Poucas questões dividiram os liberais ao longo dos séculos mais do que o lugar da religião numa sociedade livre. Alguns consideravam a fé irrelevante para a liberdade, uma esfera separada que deveria ser mantida totalmente isolada da política. Outros viam-na como a própria inimiga da liberdade, apontando para séculos de repressão clerical. Outros ainda argumentavam que a religião era útil, um suporte para a coesão social num regime de governo limitado.
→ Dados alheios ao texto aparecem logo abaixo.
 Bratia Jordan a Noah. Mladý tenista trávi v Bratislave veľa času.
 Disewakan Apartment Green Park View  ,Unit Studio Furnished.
Por fim, havia um grupo mais ousado que afirmava que a religião — particularmente o cristianismo — não é apenas compatível com a liberdade, mas essencial para ela, histórica e conceptualmente.
Ralph Raico, em sua dissertação sobre O Lugar da Religião na Filosofia Liberal de Constant, Tocqueville e Lord Acton, insistiu que esta última posição era correcta e que ela capturava a essência de três dos pensadores liberais mais significativos do século XIX. Dentre eles, Lord Acton apresenta talvez o exemplo mais marcante: um aristocrata católico e historiador Whig que acreditava que a liberdade sem fé estava condenada a cair no materialismo ou no relativismo.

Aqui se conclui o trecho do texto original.